─── Dataset content ───

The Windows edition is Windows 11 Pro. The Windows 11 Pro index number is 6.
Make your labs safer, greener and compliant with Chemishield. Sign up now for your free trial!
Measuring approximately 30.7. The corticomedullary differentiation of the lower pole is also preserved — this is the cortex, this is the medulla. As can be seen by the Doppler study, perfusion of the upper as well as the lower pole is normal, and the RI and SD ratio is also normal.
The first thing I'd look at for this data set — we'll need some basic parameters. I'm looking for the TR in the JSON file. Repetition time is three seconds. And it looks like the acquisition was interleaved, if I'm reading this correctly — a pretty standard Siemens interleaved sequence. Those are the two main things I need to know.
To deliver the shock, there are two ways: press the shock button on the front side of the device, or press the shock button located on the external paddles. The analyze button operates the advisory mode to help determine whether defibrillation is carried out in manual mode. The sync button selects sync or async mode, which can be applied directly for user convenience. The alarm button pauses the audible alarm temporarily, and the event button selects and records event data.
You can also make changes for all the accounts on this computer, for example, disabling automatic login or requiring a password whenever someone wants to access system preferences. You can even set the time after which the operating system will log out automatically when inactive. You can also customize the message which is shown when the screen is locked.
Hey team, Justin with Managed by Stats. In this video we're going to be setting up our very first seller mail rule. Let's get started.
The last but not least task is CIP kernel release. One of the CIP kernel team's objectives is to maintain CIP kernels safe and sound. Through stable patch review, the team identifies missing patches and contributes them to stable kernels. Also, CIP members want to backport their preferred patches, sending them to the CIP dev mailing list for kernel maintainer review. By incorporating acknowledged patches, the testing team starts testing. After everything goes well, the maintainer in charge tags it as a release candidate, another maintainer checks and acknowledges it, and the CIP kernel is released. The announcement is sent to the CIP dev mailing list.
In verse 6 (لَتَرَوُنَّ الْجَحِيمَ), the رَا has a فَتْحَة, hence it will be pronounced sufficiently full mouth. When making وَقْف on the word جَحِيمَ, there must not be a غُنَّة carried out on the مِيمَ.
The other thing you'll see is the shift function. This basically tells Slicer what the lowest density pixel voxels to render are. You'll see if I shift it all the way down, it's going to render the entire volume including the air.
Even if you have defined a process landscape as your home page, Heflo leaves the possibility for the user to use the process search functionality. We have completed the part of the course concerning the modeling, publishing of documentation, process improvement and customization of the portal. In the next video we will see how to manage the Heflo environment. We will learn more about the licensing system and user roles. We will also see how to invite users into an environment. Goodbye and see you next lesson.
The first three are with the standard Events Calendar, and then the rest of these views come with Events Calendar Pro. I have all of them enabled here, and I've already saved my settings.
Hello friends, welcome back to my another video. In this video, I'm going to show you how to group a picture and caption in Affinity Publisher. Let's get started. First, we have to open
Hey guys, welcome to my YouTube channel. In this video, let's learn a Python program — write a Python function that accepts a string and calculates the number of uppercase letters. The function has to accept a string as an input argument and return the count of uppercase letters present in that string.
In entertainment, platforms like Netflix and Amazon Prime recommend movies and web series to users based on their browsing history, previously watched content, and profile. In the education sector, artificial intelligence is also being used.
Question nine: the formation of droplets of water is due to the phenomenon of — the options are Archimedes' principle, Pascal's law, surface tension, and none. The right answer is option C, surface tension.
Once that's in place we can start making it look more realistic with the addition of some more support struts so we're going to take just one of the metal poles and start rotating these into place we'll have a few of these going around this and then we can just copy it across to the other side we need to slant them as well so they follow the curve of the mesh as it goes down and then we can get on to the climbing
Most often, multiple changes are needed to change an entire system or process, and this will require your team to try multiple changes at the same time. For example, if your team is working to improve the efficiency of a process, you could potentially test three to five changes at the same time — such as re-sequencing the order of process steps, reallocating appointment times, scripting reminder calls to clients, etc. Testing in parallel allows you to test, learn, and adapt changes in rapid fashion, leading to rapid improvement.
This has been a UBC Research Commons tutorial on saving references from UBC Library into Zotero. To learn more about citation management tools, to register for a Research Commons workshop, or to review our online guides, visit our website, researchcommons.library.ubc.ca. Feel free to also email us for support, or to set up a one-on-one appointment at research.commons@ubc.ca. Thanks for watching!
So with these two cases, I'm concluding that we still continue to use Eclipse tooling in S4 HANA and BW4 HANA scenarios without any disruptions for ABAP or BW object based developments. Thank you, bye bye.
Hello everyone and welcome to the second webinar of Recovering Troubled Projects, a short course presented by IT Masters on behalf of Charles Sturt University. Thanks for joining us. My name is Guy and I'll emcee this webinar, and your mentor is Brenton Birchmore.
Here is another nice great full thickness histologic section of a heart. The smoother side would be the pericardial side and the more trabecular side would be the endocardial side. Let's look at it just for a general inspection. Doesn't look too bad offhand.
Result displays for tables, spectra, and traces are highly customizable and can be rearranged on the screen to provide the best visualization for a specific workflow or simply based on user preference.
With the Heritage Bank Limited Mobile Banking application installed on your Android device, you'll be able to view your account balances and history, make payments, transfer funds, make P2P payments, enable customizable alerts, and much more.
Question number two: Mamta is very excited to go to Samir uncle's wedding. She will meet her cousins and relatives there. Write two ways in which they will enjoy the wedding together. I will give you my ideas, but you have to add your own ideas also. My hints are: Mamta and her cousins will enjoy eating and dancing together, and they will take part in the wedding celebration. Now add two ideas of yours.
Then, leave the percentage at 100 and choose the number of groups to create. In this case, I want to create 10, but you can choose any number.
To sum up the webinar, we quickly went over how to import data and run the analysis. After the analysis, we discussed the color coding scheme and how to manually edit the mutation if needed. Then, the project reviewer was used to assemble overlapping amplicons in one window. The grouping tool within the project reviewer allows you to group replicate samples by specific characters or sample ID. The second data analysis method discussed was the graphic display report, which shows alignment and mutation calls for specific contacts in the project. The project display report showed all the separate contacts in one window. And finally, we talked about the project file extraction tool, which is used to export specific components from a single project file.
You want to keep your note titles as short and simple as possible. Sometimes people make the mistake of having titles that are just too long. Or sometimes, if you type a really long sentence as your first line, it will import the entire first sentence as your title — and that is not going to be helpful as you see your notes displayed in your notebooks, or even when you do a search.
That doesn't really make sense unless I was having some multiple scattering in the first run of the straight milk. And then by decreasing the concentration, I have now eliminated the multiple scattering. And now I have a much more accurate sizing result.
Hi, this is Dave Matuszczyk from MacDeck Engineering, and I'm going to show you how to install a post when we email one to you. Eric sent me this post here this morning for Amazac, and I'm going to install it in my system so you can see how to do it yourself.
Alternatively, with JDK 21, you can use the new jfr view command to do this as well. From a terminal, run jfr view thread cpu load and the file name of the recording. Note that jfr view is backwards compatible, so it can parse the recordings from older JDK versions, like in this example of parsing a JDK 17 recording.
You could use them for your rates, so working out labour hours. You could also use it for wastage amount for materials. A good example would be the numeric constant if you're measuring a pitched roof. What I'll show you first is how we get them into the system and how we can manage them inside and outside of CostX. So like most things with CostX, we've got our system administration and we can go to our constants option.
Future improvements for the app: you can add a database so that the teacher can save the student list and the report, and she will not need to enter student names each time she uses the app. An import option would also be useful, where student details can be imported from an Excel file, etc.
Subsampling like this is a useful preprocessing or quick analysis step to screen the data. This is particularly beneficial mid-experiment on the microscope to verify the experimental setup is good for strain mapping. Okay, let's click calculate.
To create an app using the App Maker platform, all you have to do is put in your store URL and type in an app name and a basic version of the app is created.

───

> **Work instructions**: Report the lines above that contain "create".

> **Finished task**:
Then, leave the percentage at 100 and choose the number of groups to create. In this case, I want to create 10, but you can choose any number.
To create an app using the App Maker platform, all you have to do is put in your store URL and type in an app name and a basic version of the app is created.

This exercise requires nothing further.